Wednesday, February 3, 2010

Resolution one way or the other is immanent

Markets got the bounce that I felt was a strong possibility but the bulls haven't done much damage to the bears so far. We are slightly higher than where we stood about 10 days ago. The difference however is that 10 days go the VIX had surged to about 28 whereas now it’s just under 22. That's bearish because it shows there is less fear now compared to 10 days ago when the market was at around current levels. The lack of "jump" in the VIX when the market is showing weakness has tended to be a reliable contrarian bearish signal in the past signaling a lack of worry.

With the market just about working off the ST oversold condition to neutral with this bounce; the bears have their chance here to do some damage in the coming days. Will they show some game or will the bulls bring the market back all the way to full overbought like they have been doing most of the time since last March? We have a couple of big economic reports coming out on Thursday and Friday and so there could be some fireworks.

Now here's the way I see things... A sharp drop lower in the coming days would likely light a fire underneath the ass the of VIX and push the main indicators I look at into giving the "all in" buy signal. If we just simply keep going higher back towards 1150 then it's very likely we will revisit the lows sometime in the weeks or months ahead because we didn't see the typical "market action" that you see at bottoms i.e. there wasn't enough fear. For instance, the bounce which began on Monday started with a gap up and never looked back after the market had been hammered quite a bit in the days prior. That very much smells like a reflexive dead cat bounce...there was no "white knuckle fear" at the most recent low in my opinion. On the flip side, look at how badly the bears had to suffer before they could profit from the latest drop. "Chinese water torture" was how I described it. Bulls need to be squirming in a similar fashion IMO.

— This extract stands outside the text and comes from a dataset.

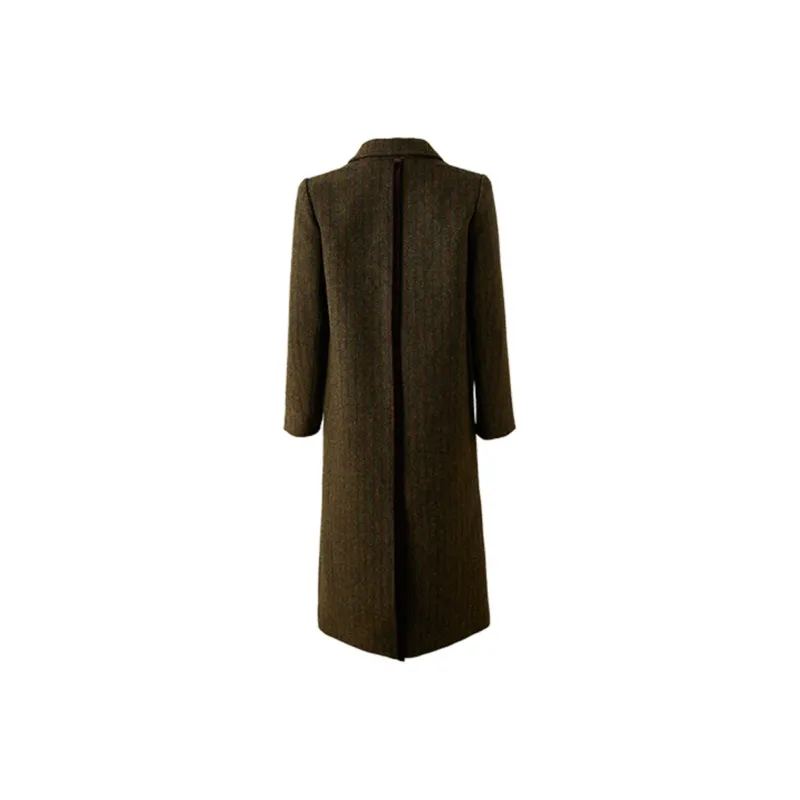 ELLE Coats Women's Coffee Plaid-1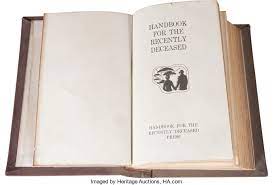 You're reviewing:beetlejuice handbook for recently deceased hc journal. A Prop Book Titled Handbook For The Recently Deceased From Lot 46067 Heritage Auctions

The current situation of the market reminds me a lot of that in late June. The market had bounced for about 1 week after rolling over from an IT peak. The VIX was acting bearishly as it was now i.e. it collapsed very easily on just marginal strength. Then in July we got the final stab lower in the market which made everyone brace for the H&S top breakdown which turned out to be one hell of a bear trap. So, if we follow that script then we could still see the market grind a bit higher for couple more days before we see a retest or break of 1072. Now, keep in mind that rarely do markets play out the exact same way as they did in the past...history rhymes but seldom repeats. So, we could very well see such a downside move happen as early as tomorrow (Thursday) because the market has worked off the oversold condition close to neutral such that it now has "room" to go lower again.

The bottom line is that I feel the most recent low will be revisited again or broken whether it's in the immediate future or sometime later on in the year. It's not a slam dunk for the bears by any means because many of the IT indicators I look at are oversold enough to give the bulls the green light and we could power back to 1150 no problem. However doing so from present levels would be done with what I term "poor market action" and therefore a retest or break of 1072 would likely be deferred to later on the year. That scenario would fit in very well with the multi-month consolidation phase I’m expecting.